What are we? “We” meaning my generation.
Last class we were all silent. It’s not that I haven’t done the reading, I didn’t know how to respond. Defintions have become so difficult because we grow up aware of so many circumstances that we cannot make choices anymore because we are constantly walking on eggshells. I suppose I can highlight aspects of my identity, my personality, but which ones? I have a really hard time answering questions as to my generation. I feel we are all so fractered. We have no cause to rally around. We have all this wonderful technology to bring us together but it’s hard to make a community. We create online communities around random things like lolcats…yet, what actually happens is that the lolcats creates the community and defines us. We are defined by our interests, our facebook profiles, our black and white artistic myspace photos. They are not are reflection of us, but are our prosthesis. Without our Blackberries we are very silent Hawkings. Without our easily defined boxes of name/age/location/favorite movies (because none of can ever name one)/artists, quotes, mottos…nice clear boxes…We’re not a ‘we’. Perhaps because without all of that we cannot connect to others. It’s like saying “Oh, hi!
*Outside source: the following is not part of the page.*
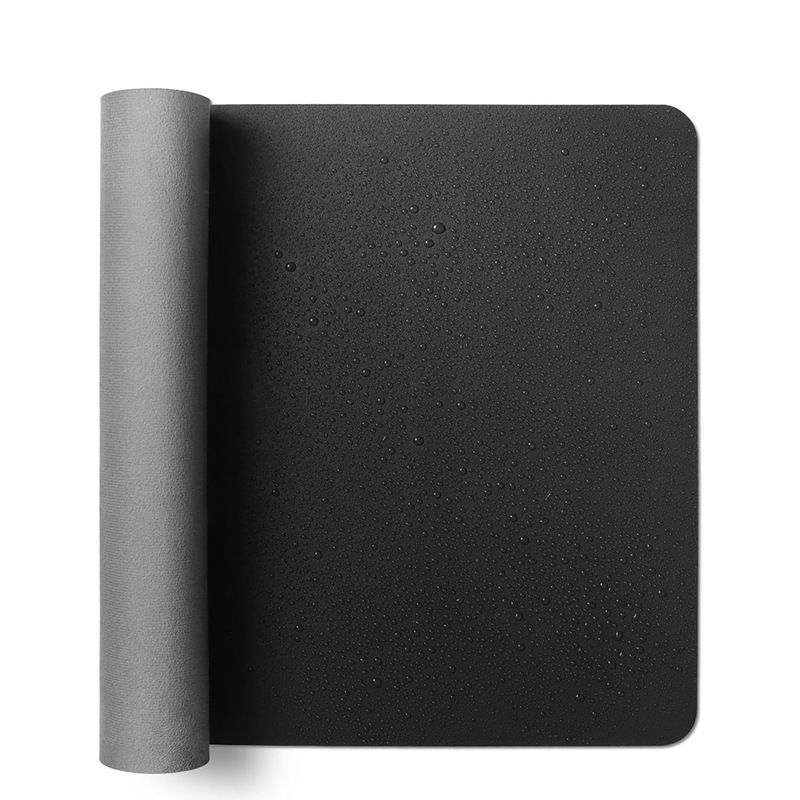 Picture of Napa Pattern Pvc Material Desk Pad Mouse Pad Various Indoor Office Scene Pads Cross-Border Thick Supply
I am a real person. Here is my business card. You decide if you want to associate with me.”
What’s real anymore?



October 5, 2008 at 2:41 pm
interesting post. Doesn’t it make you wonder what the history books are going to say about us 20, 30 years down the road?
-adrienne
October 6, 2008 at 10:45 pm
Yes, it makes me anxious.
Not that I’m terribly worried about other people’s opinions but that I will turn into that grumpy old lady that always goes “back in my day…”
Or worse, have to have to always apologize for my past regressions. I meant, the questions of “How could an entire countrty be duped into … Didn’t you know what was going on? Aren’t you smart? Why did you idly sit back?”
That makes me shiver. That somehow we’re being apathetic abiding citizens. Accomplices in the crimes of our government, both domestic and international.
Yet I also worry about what my adopted children (if I’m allowed to have any) will say about me. Will they proud? Will they disgusted?